The shooting, Mehmet Kaya says , happened early Monday as he slept, he says.

The attacker broke the window of the house, “drew the curtain and shot my girl in the head,” he said.

The dad lashed out at reports that his own family had a role in the shooting.

“The media portrayed our situation badly,” he told the BBC.

“Yes I am in a tribe. But we don’t have any of this honor killing nonsense. I enrolled my daughter into school myself. We are knowledgeable. We are a family that believes in democracy. Would any father do anything like this to his daughter?”

“I am proud of her. And then am I to hurt her? There is no truth to those claims.”

Mutlu Kaya’s uncle, Mehmet Nesih Gunes, told the BBC the attack was “violent barbarity.”

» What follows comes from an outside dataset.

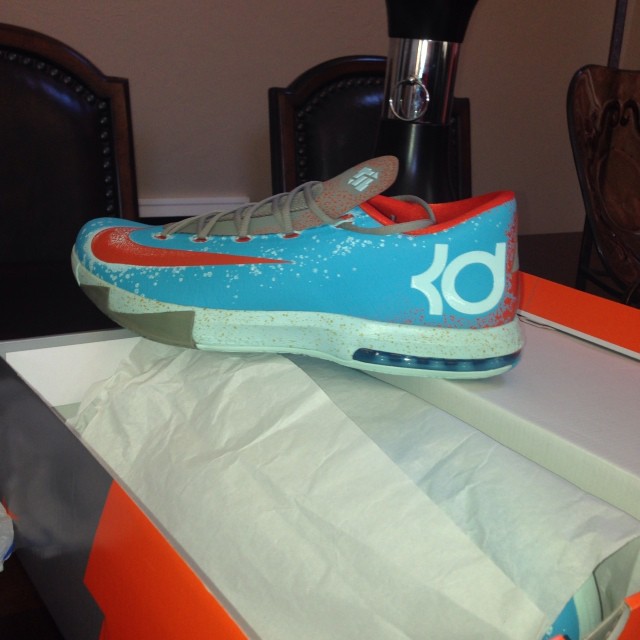 Nike Kd 6 Maryland Blue Crab 01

“It can’t be described in any other way,” he said. “She was so young. Beginning her career. To try to kill someone like that is to kill humanity.”

The Guardian writes:

There has been a surge of violence against women in Turkey, with almost 300 murdered in the last year, many of them by their husbands, boyfriends or relatives. A 2013 nationwide survey found that 34% of men thought domestic violence was “occasionally necessary”, while 28% believed violence was an acceptable tool “to discipline women”.

The Turkish president, Recep Tayyip Erdoğan, has repeatedly claimed that “men and women were not equal, but completed each other.”